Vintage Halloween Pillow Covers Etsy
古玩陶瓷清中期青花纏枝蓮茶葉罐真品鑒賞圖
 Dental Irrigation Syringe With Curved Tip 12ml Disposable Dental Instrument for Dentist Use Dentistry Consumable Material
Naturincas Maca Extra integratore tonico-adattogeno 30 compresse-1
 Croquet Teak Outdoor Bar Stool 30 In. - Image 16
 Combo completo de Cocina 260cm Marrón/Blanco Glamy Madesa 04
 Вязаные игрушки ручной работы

--

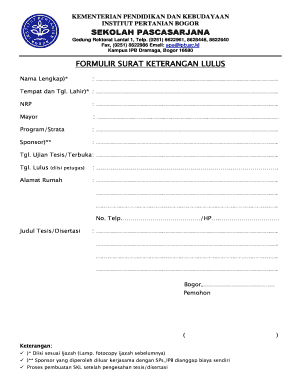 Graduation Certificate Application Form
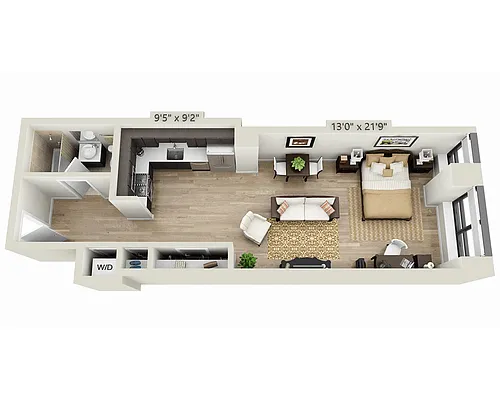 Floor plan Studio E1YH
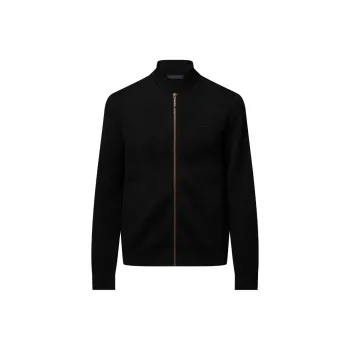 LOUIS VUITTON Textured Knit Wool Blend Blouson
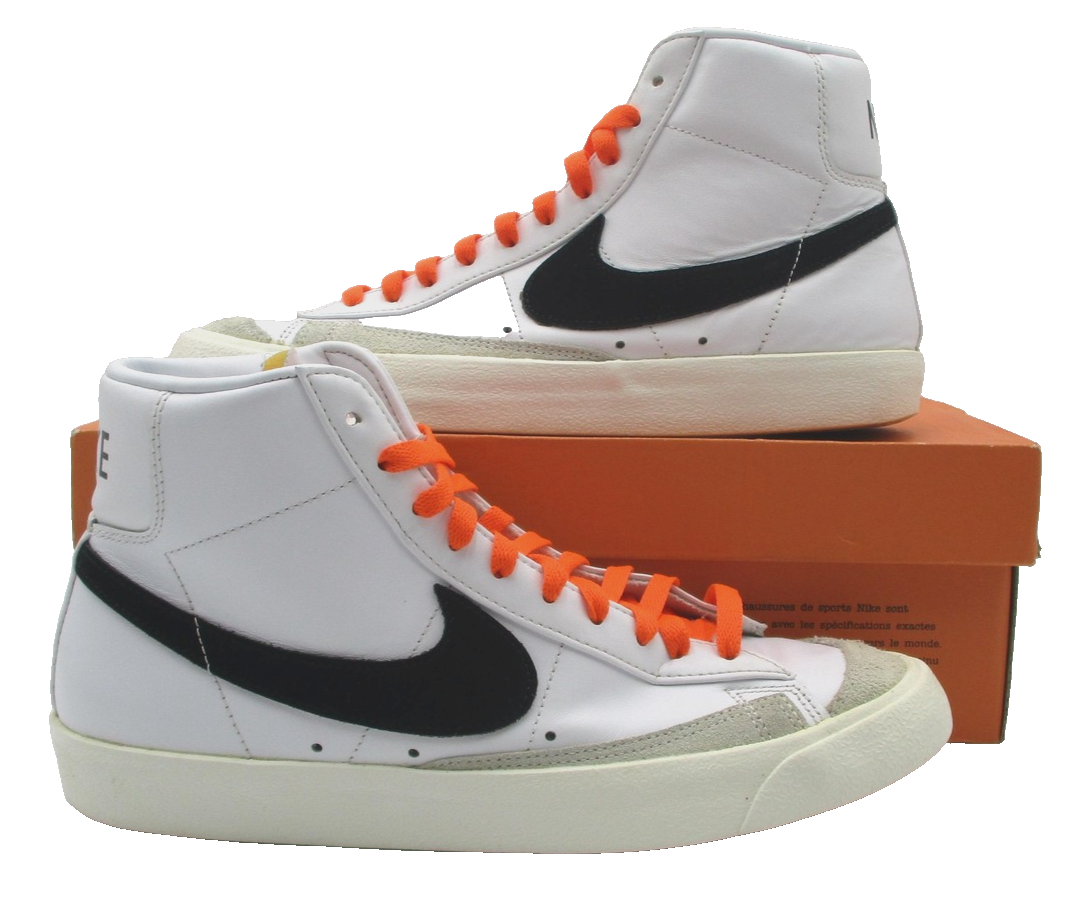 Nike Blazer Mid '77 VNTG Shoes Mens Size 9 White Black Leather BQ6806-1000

#### ACTIVITY
Restate word for word the entries above, starting at the line with "古玩陶瓷清中期青花纏枝蓮茶葉罐真品鑒賞圖" and ending at the line with "Вязаные игрушки ручной работы", inclusive, and no others.

#### TASK RESULT
古玩陶瓷清中期青花纏枝蓮茶葉罐真品鑒賞圖
 Dental Irrigation Syringe With Curved Tip 12ml Disposable Dental Instrument for Dentist Use Dentistry Consumable Material
Naturincas Maca Extra integratore tonico-adattogeno 30 compresse-1
 Croquet Teak Outdoor Bar Stool 30 In. - Image 16
 Combo completo de Cocina 260cm Marrón/Blanco Glamy Madesa 04
 Вязаные игрушки ручной работы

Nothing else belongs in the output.